> _THE TASK_
Where the records below reach the line containing "Apartment Near Centre Tartu Exterior photo", start transcribing, and end with the line containing "ペンション Gile Guest House", exactly and with nothing else added.

Data items
_ _ _ _ _ _ _

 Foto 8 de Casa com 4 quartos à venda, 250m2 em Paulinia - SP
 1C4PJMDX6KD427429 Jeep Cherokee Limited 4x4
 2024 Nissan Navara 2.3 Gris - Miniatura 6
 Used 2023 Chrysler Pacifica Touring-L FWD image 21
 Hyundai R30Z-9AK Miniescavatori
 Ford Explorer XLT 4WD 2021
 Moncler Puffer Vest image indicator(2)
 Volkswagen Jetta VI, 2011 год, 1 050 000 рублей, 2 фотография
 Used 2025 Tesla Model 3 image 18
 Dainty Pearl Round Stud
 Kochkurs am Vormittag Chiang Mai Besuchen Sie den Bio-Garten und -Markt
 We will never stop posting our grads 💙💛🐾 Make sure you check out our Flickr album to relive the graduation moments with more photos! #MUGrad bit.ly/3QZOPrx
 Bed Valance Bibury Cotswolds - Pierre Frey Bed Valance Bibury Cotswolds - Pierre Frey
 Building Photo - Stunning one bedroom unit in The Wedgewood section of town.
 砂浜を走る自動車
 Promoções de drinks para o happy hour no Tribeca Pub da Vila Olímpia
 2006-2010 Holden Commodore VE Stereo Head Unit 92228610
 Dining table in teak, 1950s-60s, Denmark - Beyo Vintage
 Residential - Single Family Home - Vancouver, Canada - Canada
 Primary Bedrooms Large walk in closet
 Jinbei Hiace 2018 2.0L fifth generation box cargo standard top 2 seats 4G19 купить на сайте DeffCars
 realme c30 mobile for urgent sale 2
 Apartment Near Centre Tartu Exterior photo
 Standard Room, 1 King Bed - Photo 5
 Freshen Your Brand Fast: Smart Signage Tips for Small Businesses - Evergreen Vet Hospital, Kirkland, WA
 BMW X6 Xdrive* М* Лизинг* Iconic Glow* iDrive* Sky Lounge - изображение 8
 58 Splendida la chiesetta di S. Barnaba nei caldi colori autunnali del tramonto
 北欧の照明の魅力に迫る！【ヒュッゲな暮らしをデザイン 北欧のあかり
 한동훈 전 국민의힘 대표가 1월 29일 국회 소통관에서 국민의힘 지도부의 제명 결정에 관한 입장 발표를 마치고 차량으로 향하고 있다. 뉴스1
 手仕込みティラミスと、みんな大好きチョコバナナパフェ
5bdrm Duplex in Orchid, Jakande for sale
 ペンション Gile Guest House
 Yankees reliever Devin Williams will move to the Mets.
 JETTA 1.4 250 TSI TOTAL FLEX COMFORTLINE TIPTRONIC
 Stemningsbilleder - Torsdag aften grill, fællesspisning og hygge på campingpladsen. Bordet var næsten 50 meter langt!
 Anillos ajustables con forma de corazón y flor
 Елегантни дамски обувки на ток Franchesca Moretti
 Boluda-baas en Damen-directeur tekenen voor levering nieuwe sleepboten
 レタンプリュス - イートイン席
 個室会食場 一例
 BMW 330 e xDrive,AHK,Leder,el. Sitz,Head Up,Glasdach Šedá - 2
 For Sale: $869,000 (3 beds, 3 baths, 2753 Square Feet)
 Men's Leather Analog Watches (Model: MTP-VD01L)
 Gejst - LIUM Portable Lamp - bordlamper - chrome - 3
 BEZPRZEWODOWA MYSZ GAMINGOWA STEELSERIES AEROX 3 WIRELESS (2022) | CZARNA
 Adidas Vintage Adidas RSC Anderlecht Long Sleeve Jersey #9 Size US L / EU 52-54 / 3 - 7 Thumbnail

_ _ _ _ _ _ _

> _RESULT_
 Apartment Near Centre Tartu Exterior photo
 Standard Room, 1 King Bed - Photo 5
 Freshen Your Brand Fast: Smart Signage Tips for Small Businesses - Evergreen Vet Hospital, Kirkland, WA
 BMW X6 Xdrive* М* Лизинг* Iconic Glow* iDrive* Sky Lounge - изображение 8
 58 Splendida la chiesetta di S. Barnaba nei caldi colori autunnali del tramonto
 北欧の照明の魅力に迫る！【ヒュッゲな暮らしをデザイン 北欧のあかり
 한동훈 전 국민의힘 대표가 1월 29일 국회 소통관에서 국민의힘 지도부의 제명 결정에 관한 입장 발표를 마치고 차량으로 향하고 있다. 뉴스1
 手仕込みティラミスと、みんな大好きチョコバナナパフェ
5bdrm Duplex in Orchid, Jakande for sale
 ペンション Gile Guest House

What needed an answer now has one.